Une chape de plomb des autorités qui n’interdit pas la révélation de certains documents comme ce rapport de l’Agence nationale de renseignement (ANR) qui met en cause les services du renseignement militaire (ex-Demiap) dirigés par le général Christian Ndaywel. Un service qui est aussi responsable de l’arrestation musclée et de la détention de Salomon Kalonda, conseiller spécial de Moïse Katumbi.
Ce rapport de l’ANR a été diffusé par le magazine Jeune Afrique. Dans le silence assourdissant qui entoure l’enquête sur le meurtre de Chérubin Okende, la révélation de ce document a fait l’effet d’une bombe. Les autorités congolaises ont rapidement contesté l’authenticité de ce document tout en arrêtant l’un des correspondants congolais de Jeune Afrique, le journaliste Stanis Bujakera, par ailleurs directeur adjoint du site Actualité.cd et correspondant pour l’agence Reuters.
Comme Salomon Kalonda, Stanis Bujakera a été arrêté sur l’aéroport de N” Djili, à Kinshasa, alors qu’il s’apprêtait à voyager vers Lubumbashi “pour le travail”, selon un de ses collègues.
Arrêté le 8 septembre, le journaliste, qui n’est pas le signataire de l’article incriminé par le pouvoir congolais, a d’abord été détenu dans les bureaux de la police avant d’être transféré et incarcéré à la prison centrale de Makala le 14 septembre journaliste.
Mobilisation internationale
Les ambassadeurs de Belgique, des États-Unis, de la Grande-Bretagne, notamment, ont, dit leur préoccupation face à cette arrestation. La délégation de l’Union européenne suit “de près la détention du journaliste Stanis Bujakera”, tandis que les ONG Human Rights Watch et Reporters sans frontières ont condamné” cette énième atteinte à la liberté de la presse en RDC” et demandé que Stanis Bujakera soit immédiatement libéré.

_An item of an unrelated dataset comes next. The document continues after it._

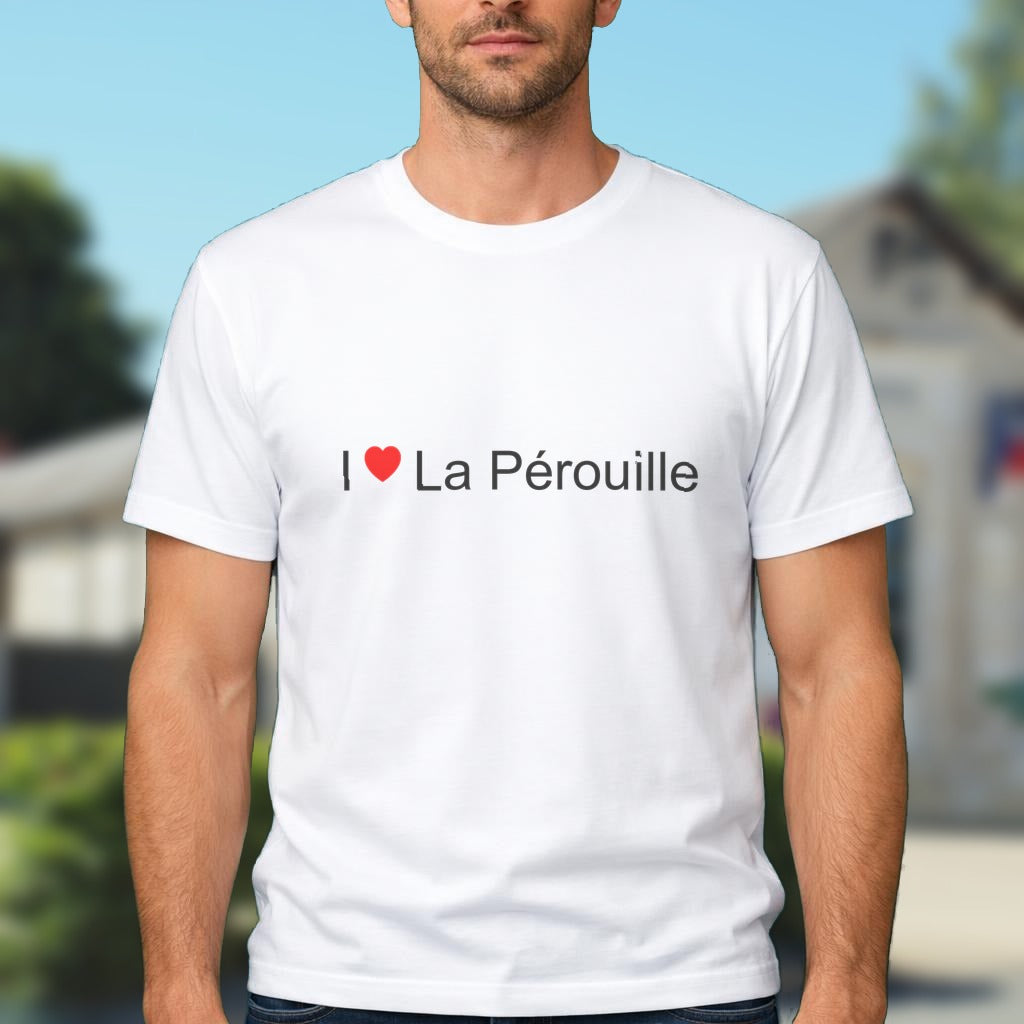 T-shirt I love la pérouille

”C’est une atteinte, une de plus, aux droits de la presse, aux droits de l’homme”, explique l’avocat Hervé Diakiese. L’avocat rappelle que Stanis Bujakera avait déjà été menacé de poursuites par le ministère de la Défense pour avoir relayé un extrait du compte rendu du conseil des ministres qui avait pourtant été publiquement distribué par le ministère de la communication. La plainte avait finalement été retirée.
Ce lundi, le ministre de la Communication, Patrick Muyaya, n’était pas joignable. Certains confrères de Stanis Bujakera ne cachent pas qu’ils sont “de plus en plus sous pression du pouvoir qui n’accepte plus que l’on dévie de son narratif”, explique l’un d’eux. “À un peu plus de trois mois de la présidentielle, journalistes et avocats sont des espèces sous haute surveillance”, explique un avocat qui décrit, en off, les tensions qu’il subit “au quotidien de sa hiérarchie aux ordres du pouvoir” et qui prédit : “les prochaines semaines seront terribles”.